Elecciones 27S: sí pero no.

A pesar del testimonio que reflejarán todas las hemerotecas del mundo, el trío del plebiscito no se cansará de repetir que han ganado estas elecciones en votos y en escaños. Siendo cierto, no podrán ocultar que, habiendo ganado las elecciones, también las han perdido.

Las han ganado en términos absolutos por una razón obvia: han obtenido más diputados y más votos que ninguna otra fuerza política. Y las han perdido, en términos relativos, por dos razones: la primera, porque la suma de escaños de CiU+ERC del 2012 suponían 71 escaños mientras que en 2015 se queda en 62 (cierto es que ha habido la escisión de UD pero también lo es que la Llista ha recogido diversos tránsfugas de otras formaciones).
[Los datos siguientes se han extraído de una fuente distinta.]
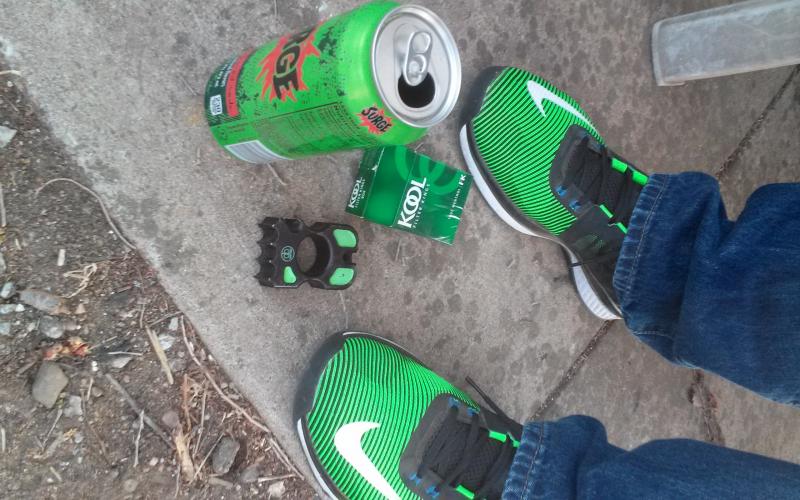 My green stuff is cool. #surge, #kools, #twotone #ailment by #dbcustoms, and # #nike #zoom.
La segunda, los votos populares a favor de la DUI se quedan por debajo del 50%. Luego, si estas elecciones equivalen al referéndum que los separatistas no pudieron realizar, el fracaso resulta evidente.

Dicho ésto, se equivocará quien piense que el problema del independentismo va a remitir. En absoluto. Artur Mas es muy inteligente y ya ha demostrado, en otras ocasiones, una gran capacidad de adaptación ante la adversidad. No olvidemos que durante muchos años se ha generado mucha ilusión en gran parte de la población y que, convenientemente espoleada, ha devenido en pasión. Las pasiones, hoy, están a flor de piel, y eso, en manos de un potente manipulador como él, puede enquistar el problema “in aetérnum”.

Sin embargo, creo que estas elecciones han marcado un punto de inflexión. Por dos razones: en primer lugar, por la extraordinaria participación ciudadana que demuestra la enorme preocupación que el independentismo suscita, en uno u otro sentido. En segundo lugar, por la ilusión que Ciudadanos ha logrado transmitir a casi tres cuartos de millón de catalanes muy repartidos por todo el territorio autónomo. La victoria de la candidatura que encabeza Inés Arrimadas ha triunfado, por ejemplo, en ciudades tan importantes como L’Hospitalet de Llobregat, El Prat, Esplugues, Sant Boi, Rubí, Sant Adrià, Viladecans o Castelldefels. Y ha sido segunda en otras muchas, como Barcelona, Tarragona, Lleida, Girona, Lloret, Olot, Balaguer,Santa Coloma de Gramenet, Mollet del Vallès, Granollers, Sabadell, Terrassa o Reus.

Por primera vez en muchos años -quizá desde que España ganó el mundial de fútbol- he vuelto a ver como cientos de miles de personas se han sentido esperanzadas y orgullosas de ser catalanas y españolas. El tiempo dirá si se trata tan solo de un espejismo o bien de un cambio significativo de tendencia en la política española. Mientras tanto, disfrutemos de estas maravillosas sensaciones.